As I’m no longer a slave to delivery food eaten guiltily in the conference room of my workplace, this new warm weather has jazzed me up for packing lunch again. I’m always in search of flavorful lunches that are easy to whip up and that pack a serious gourmet punch.
Two of the biggest obstacles of course are ease and transportability. I’ve got a handy little lunch pot I love to use that’s pretty leak-proof, but I admit I get pretty perturbed at myself if I’m toting much more than that one item around the city when I leave work for the day. For that reason, I’ve been on the hunt for one-dish salads that feel rounded out like a meal without requiring lots of prep either beforehand or when I’m ready to skip off to the park for a quick al fresco bite.
Because one of my favorite tricks is turning dinner leftovers into an extra-fab lunch, I’ve been noshing on tons of warm salads in the evening that turn out to be just as delicious cold the next afternoon. One of my staples this week has been a sort of anything goes quinoa salad dressed with a light Dijon vinaigrette that’s versatile enough to play nicely with almost any ingredient hanging around in the fridge.

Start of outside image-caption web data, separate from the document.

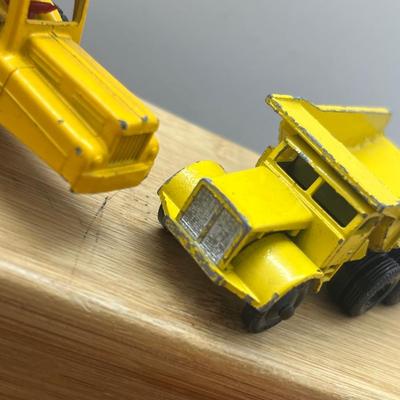 LOT 106: Vintage Lesney Matchbox Construction Vehicles - Caterpillar Bulldozer, Foden Cement Mixer, Foden Concrete Truck and More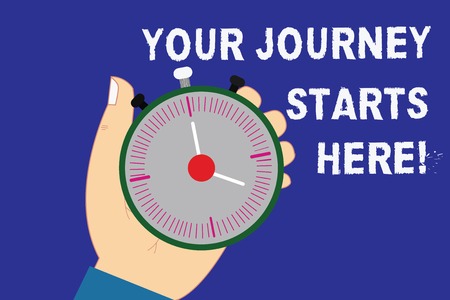 Writing note showing Your Journey Starts Here. Business photo showcasing Motivation for starting a business Inspiration Hu analysis Hand Holding Stop Watch Timer with Start Stop Buttonの写真素材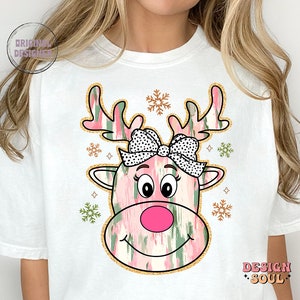 May include: White t-shirt with a pink and green reindeer face graphic. The reindeer has a pink nose, black eyes, and a black and white polka dot bow. The graphic is surrounded by gold glitter and snowflakes.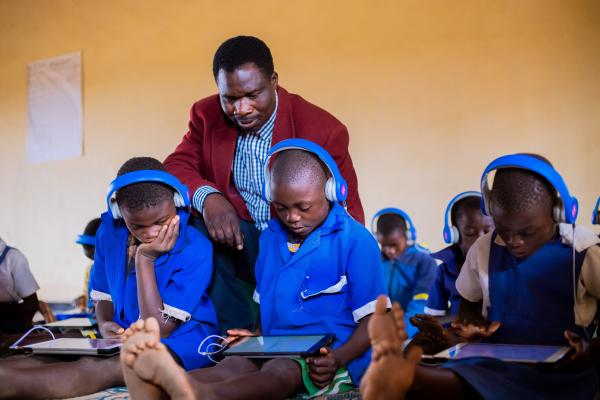 VSO volunteer Theo helping students use educational tablets.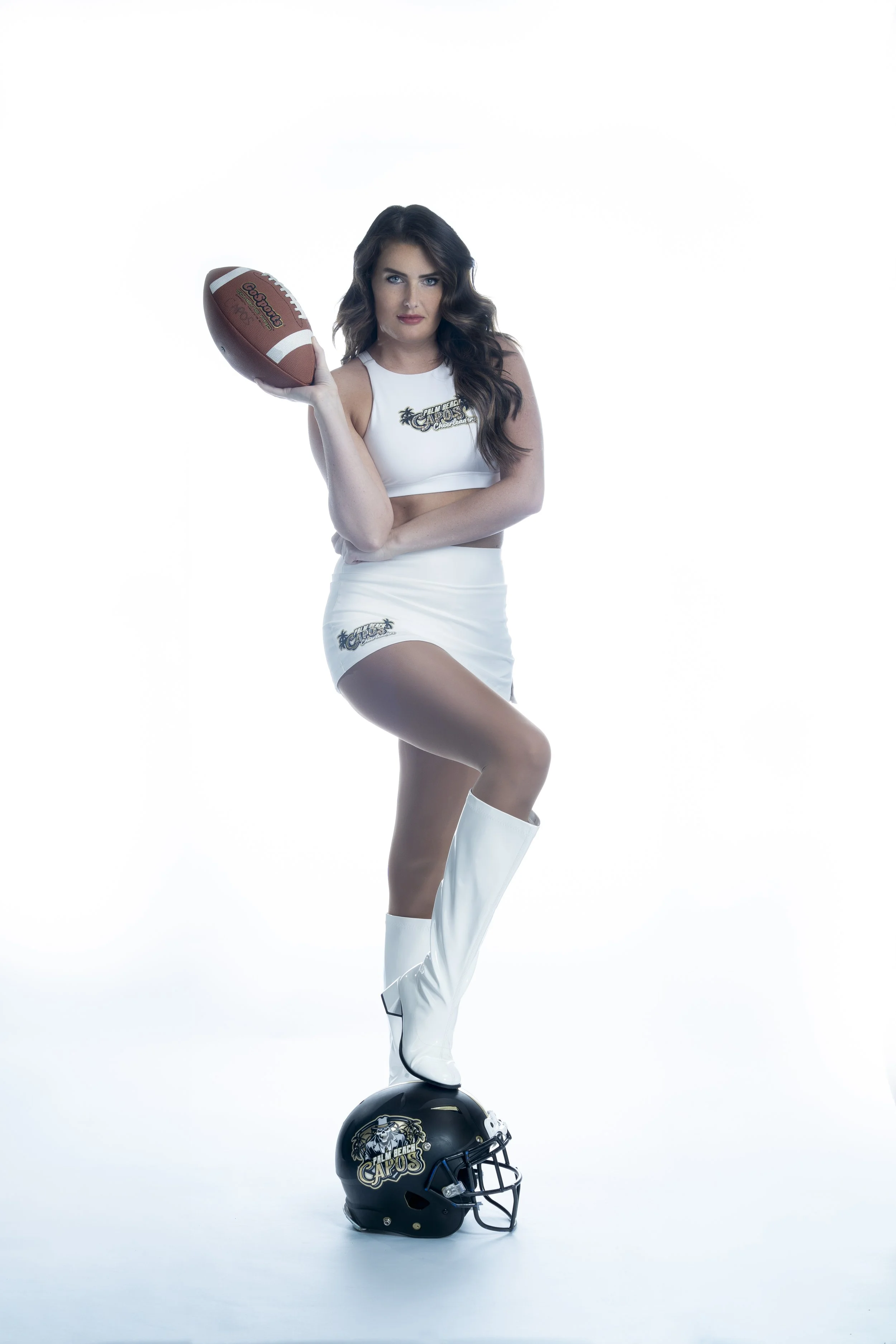Woman in white outfit holding a football, standing with one leg on a helmet.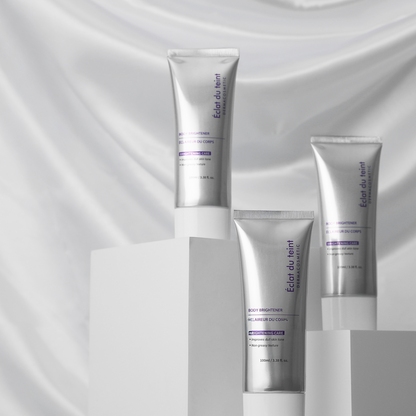 Three silver skincare bottles of Eclat du teint body brightener purple labels on a gray fabric background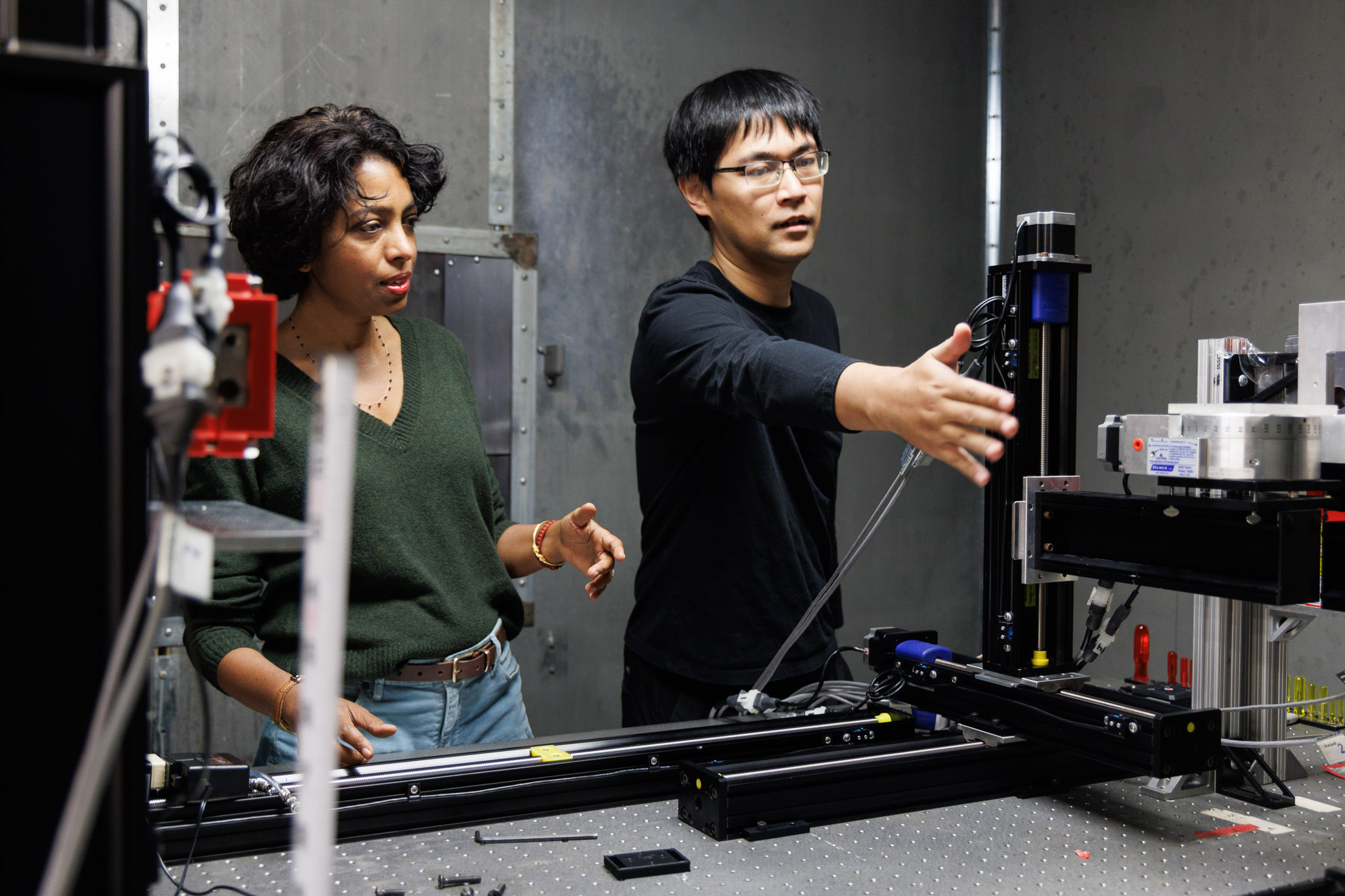 From left: Professor Mini Das and researcher Jingcheng Yuan stand in front of a home-built X-ray unit at the University of Houston. Das and her team have developed a new X-ray imaging method capable of producing multi-contrast imaging.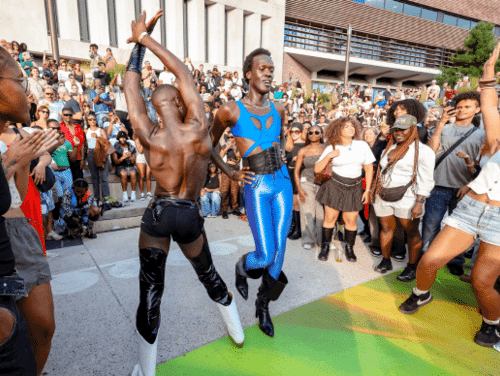 Two people dance in the middle of a crowd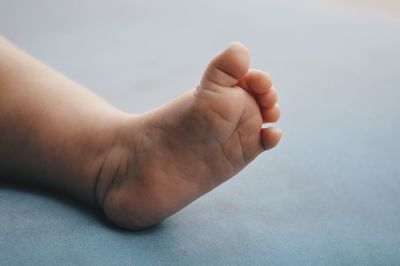 Low section of baby feet on bed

So far my favorite combination has been baby kale, cannellini, roasted red peppers, and a handful of toasted pine nuts. Besides the yum factor, it’s ridiculously easy: Make a ton of quinoa, pile it on top of the kale to make it wilt, toss with remaining ingredients and vinaigrette. In the evenings I top it with shaved parmesan and grilled chicken or a poached egg, but for lunch it’s just as delicious cold and as-is with a piece of fruit for dessert.
It’s almost becoming a sort of uniform for my lunch, but luckily it’s versatile enough that I’ll hopefully never get sick of it.
What’s your favorite salad or snack that’s good for a one-dish lunch?